# WHAT TO DO
The required lines are those that contain "Black"; pull them out of the data and copy them.
DATA EXTRACTS section start
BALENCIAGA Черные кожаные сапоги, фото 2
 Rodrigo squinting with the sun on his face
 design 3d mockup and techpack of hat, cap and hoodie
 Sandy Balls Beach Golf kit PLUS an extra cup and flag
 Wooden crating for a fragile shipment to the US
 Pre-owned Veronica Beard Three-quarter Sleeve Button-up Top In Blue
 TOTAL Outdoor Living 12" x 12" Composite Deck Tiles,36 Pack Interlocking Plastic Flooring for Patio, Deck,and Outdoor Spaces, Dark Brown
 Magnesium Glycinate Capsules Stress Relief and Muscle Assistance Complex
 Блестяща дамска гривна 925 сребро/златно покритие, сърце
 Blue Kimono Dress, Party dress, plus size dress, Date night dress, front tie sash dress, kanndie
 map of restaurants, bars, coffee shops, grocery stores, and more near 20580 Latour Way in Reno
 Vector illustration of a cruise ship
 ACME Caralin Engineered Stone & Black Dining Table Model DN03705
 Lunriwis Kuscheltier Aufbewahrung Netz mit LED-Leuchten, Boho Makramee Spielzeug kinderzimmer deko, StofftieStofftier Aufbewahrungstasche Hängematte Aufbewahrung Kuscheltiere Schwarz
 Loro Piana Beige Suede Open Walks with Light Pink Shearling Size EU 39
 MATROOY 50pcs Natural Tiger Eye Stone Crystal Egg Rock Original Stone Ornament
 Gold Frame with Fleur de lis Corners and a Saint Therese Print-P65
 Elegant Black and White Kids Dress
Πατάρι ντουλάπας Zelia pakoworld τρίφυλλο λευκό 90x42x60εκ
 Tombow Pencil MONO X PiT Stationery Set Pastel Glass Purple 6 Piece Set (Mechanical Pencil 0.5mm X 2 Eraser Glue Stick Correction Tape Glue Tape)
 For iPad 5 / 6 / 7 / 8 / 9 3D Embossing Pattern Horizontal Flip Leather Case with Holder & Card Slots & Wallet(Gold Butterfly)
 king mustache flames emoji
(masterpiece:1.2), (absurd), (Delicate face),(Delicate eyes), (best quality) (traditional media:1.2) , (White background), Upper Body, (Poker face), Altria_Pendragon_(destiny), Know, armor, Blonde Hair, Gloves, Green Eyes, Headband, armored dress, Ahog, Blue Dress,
DATA EXTRACTS section end
# SOLUTION
 ACME Caralin Engineered Stone & Black Dining Table Model DN03705
 Elegant Black and White Kids Dress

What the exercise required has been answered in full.